Detran-MS promete investigar

Ao Jornal Midiamax, o diretor-presidente do órgão, Roberto Hashioka (PSDB), afirmou que uma investigação será instaurada na corregedoria do Departamento e garantiu que providências serão tomadas, caso as ditas falhas na prestação do servido sejam confirmadas.

Já mandei corregedoria abrir procedimento investigativo, vamos tomar providências que forem necessárias”, afirmou Hashioka.

Na avaliação do diretor, o caso flagrado pela reportagem, de um veículo sem motor obter um laudo de transferência na Focar Vistoria, é apenas um ‘caso isolado', e apesar de garantir que o Detran já fiscaliza as terceirizadas, prometeu uma ‘fiscalização mais pontual', principalmente em empresas envolvidas em denúncias de irregularidades.

Rumores

O Jornal Midiamax já registrou diversas vistorias em terceirizadas de veículos sem condições de trafegabilidade. Empresários do setor de vendas de veículos chegaram a denunciar que mesmo com validade de 30 dias, eram obrigados a pagar mais de uma vistoria para, por exemplo, transferir um carro popular.

Algumas denúncias dão conta que à época em que o governo estadual abriu o serviço para terceirização, ex-diretores do Detran-MS teriam aberto empresas de vistoria veicular em nome de familiares.

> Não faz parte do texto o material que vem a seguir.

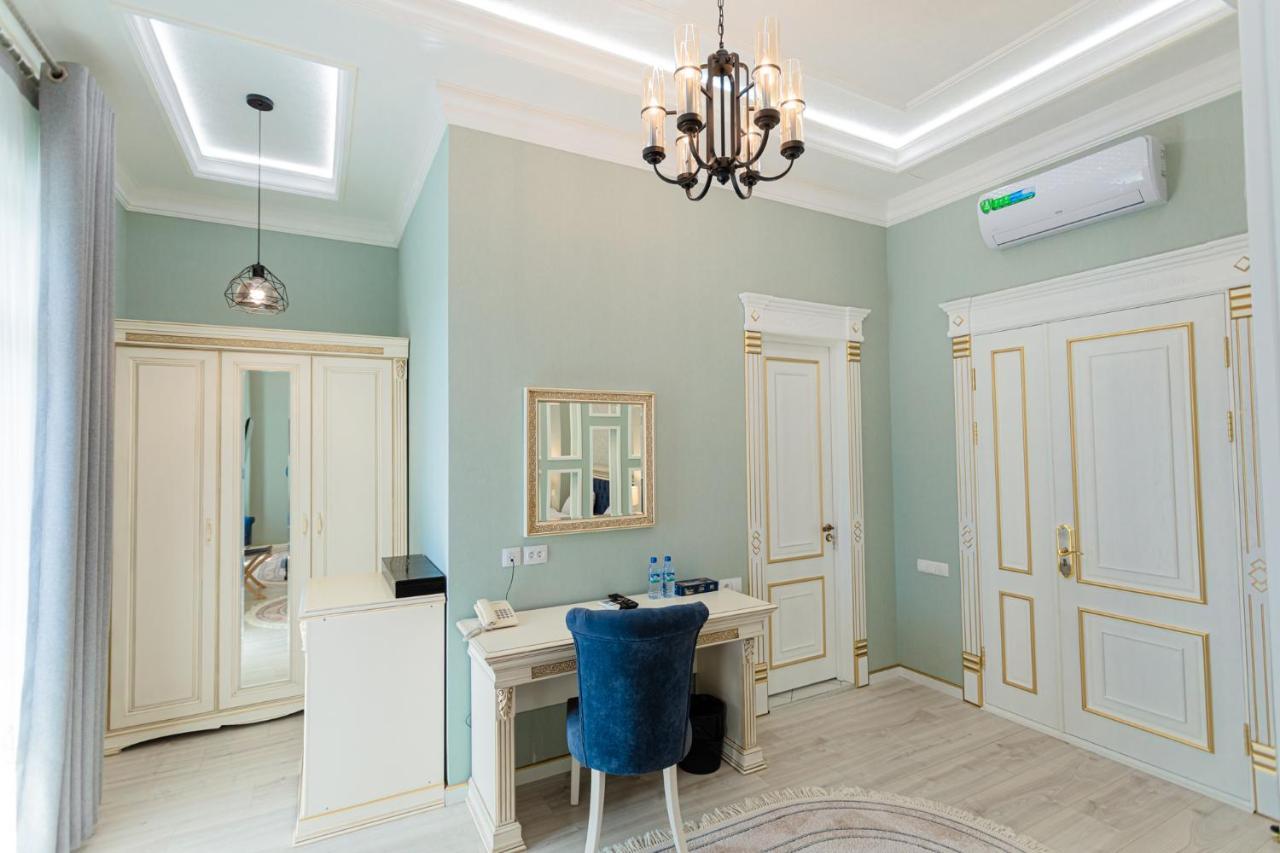 Royal Hotel Samarkand Esterno foto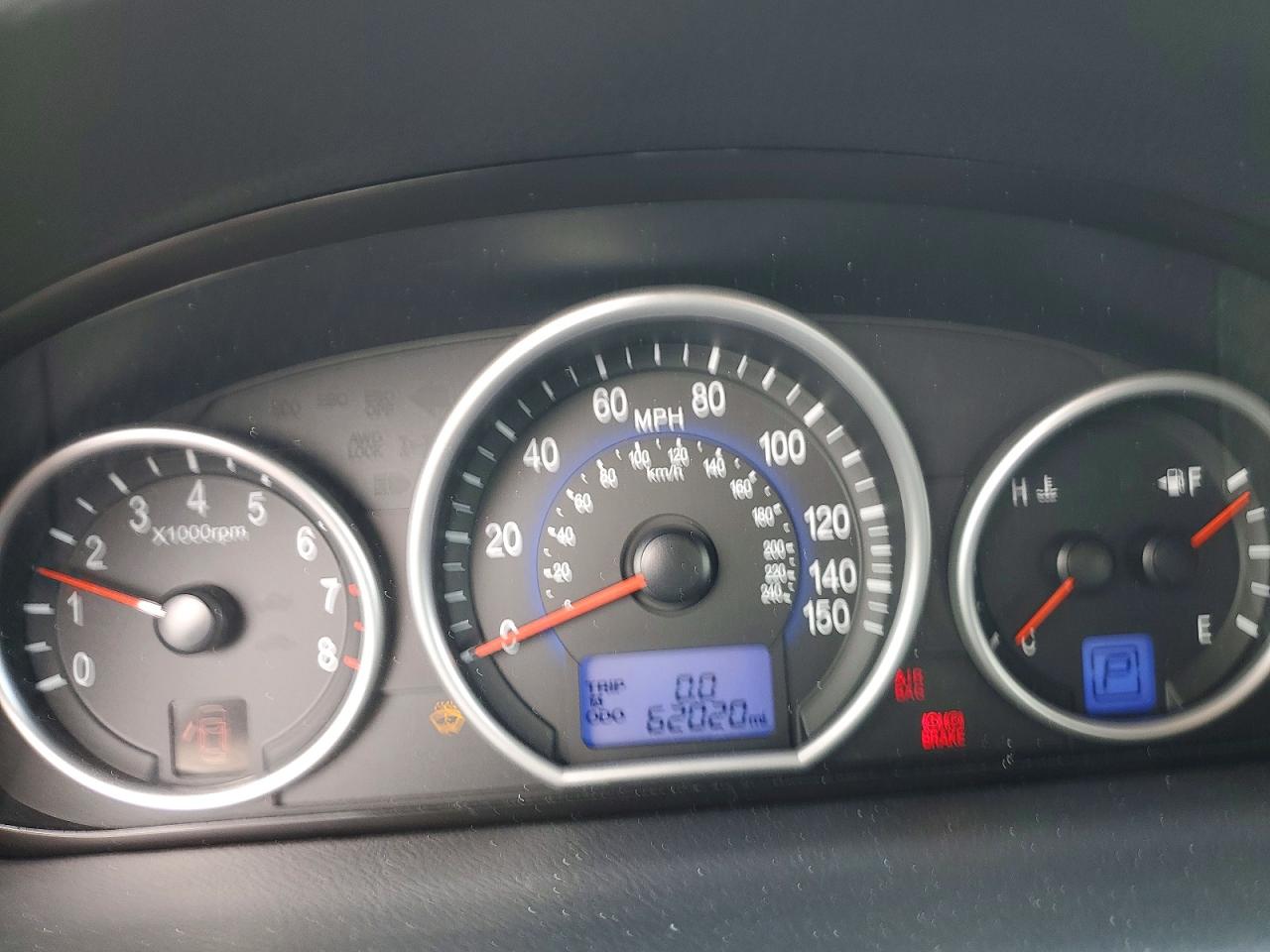 Hyundai Veracruz Limited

Mesmo com denúncias e flagrantes de irregularidades, o Conselho Superior do MP-MS (Ministério Público de Mato Grosso do Sul) decidiu arquivar um inquérito que investigou o serviço de terceirização de inspeção veicular do Detran-MS.

Vistoria falsa

No dia 30 de maio, a reportagem gravou em vídeo um automóvel com o motor fundido e sem bateria ser levado, na carroceria de um guincho, para ser vistoriado na Focar Vistorias, em Campo Grande. Os vistoriadores pediram ao motorista do caminhão para ‘descarregar' o veículo, um Peugeot 206, e sair do pátio da empresa enquanto a vistoria falsa era realizada.

Nesta sexta-feira (15), após confirmar que o veículo foi aprovado na suposta vistoria, mesmo sem ter nenhum dos equipamentos elétricos, como luzes de sinalização, funcionando, a reportagem foi até a empresa e falou com Antônio Gregório, o proprietário oficial da Focar, que está credenciada até 4 de novembro de 2019, segundo a Portaria T-467, do Detran-MS.

Inicialmente, Antônio, ou ‘Toninho', como é conhecido entre despachantes, tenta negar. “Tem que ver a parte elétrica, pneu, motor, chassi, ver se está tudo em ordem, se está funcionando, mas se ele não tiver funcionando não faz [vistoria]”, garante.

No entanto, diante das provas, o dono oficial da vistoriadora credenciada pelo Detran-MS acaba admitindo que o procedimento irregular foi feito e que não foi um caso isolado.

“Às vezes a gente até faz, como o carro é novo, o motor tá [sic] estragado, às vezes até isso aí. Não é um procedimento certo, mas às vezes acontece, admite”. “Às vezes a gente até faz uma vista grossa”, confirma.